8. The leading case in that regard is NSW Associated Blue-Metal Quarries v Federal Commissioner of Taxation (1955-56) 94 CLR 509 where the High Court held that the extraction of bluestone for road-making was not mining operations on a mining property within the meaning of an Income Tax provision.
9. Menzies J applied Blue-Metal Quarries in North Australia Cement Ltd v Commissioner of Taxation (1969) 119 CLR 353 where he held that the extraction of limestone for use in making cement was not mining operations on a mining property for Income Tax purposes. Menzies J at 362-363 proposed the following test, adopted from the reasoning in Blue-Metal Quarries:
“Whether an open cut extraction of material is mining or not is something to be determined by an informed general usage which takes into account both the way
in which the deposits of the material occur, the character of the material to be recovered and the use to which it may reasonably be put”
10. That informed general usage test has been applied in numerous subsequent cases, under both the Income Tax Assessment Act and the Customs Act 1901 (Customs Act).
11. The diesel fuel rebate (DFR) scheme commenced in 1982 with the Diesel Fuel Taxes Legislation Amendment Act 1982. That Act inserted a new s. 164 of the Customs Act 1901, and s. 78A of the Excise Act 1901. Each section provided for a rebate of duty to be paid for fuel purchased for use in, inter alia, “mining operations’.
12. The definition of mining operations for both provisions was in s. 164(7) of the Customs Act, and relevantly provided:
mining operations means-
(a) exploration, prospecting or mining for minerals; or
(b) the dressing or beneficiation (at the mining site or elsewhere) of minerals, or
ores bearing minerals, as an integral part of operations for their recovery,
and includes -
…
but does not include quarrying operations carried on for the sole purpose of obtaining stone for building, road making or similar purposes.
13. Those relevant parts of the mining operations definition remained essentially the same until 1997, and applies to part of the claim period in this matter.
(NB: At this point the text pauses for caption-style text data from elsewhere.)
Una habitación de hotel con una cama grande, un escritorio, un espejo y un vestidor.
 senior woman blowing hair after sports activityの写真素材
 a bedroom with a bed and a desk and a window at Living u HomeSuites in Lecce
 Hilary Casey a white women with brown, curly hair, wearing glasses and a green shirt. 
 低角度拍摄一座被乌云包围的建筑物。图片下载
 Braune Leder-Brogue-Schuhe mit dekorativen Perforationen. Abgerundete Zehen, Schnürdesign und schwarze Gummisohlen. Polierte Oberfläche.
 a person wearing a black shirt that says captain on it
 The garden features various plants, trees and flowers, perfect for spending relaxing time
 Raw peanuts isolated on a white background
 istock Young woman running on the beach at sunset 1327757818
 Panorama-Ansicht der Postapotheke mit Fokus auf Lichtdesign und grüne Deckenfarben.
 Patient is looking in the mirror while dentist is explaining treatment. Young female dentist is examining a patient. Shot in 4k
At all relevant times the central concept in the definition has remained mining for minerals.
14. The 1982 Act also included the following definition of minerals in s.164(7):
‘minerals’ means minerals in any form, whether solid, liquid or gaseous and whether organic or inorganic.
15. That definition was not amended until 1995.
16. The Full Federal Court first applied the informed general usage approach of Menzies J in the Customs Act context in Neumann Dredging Co Ltd v Collector of Customs (1987) 79 ALR 588, in upholding a decision of the AAT that the dredging of sand for use as landfill was not mining for minerals within the meaning of s.164(7).
17. Spender J also applied the approach of Menzies J in North Australian Cement Limited v Federal Commissioner of Taxation (1989) 89 ATC 4765, but with the opposite result, finding that the same operations of extraction of limestone for use in making cement were mining operations on a mining property for Income Tax purposes.
18. In Collector of Customs v Bell Basic Industries Ltd (1988) 20 FCR 146, the Full Federal Court again applied the informed general usage test in holding that it was open to the AAT to find that the extraction of an ornamental black granite was mining for minerals . The black granite was rare and valuable, about $4,000 per cubic metre. The Tribunal distinguished the rarity and commercial value of the black granite, compared to ordinary building stone, in finding that the black granite was a “mineral”, and its extraction was mining for minerals .
19. However of more significance for present purposes was Re Boral Bricks Ltd and Australian Customs Service (1988) 18 ALD 456, where the Tribunal found that the extraction of clay for use in making bricks was mining for minerals , and therefore eligible for DFR. The Tribunal stated:
The rebate is also payable where the mining operations result in the winning of a product, the end use of which is dependent upon, inter alia, perhaps, its mineral content.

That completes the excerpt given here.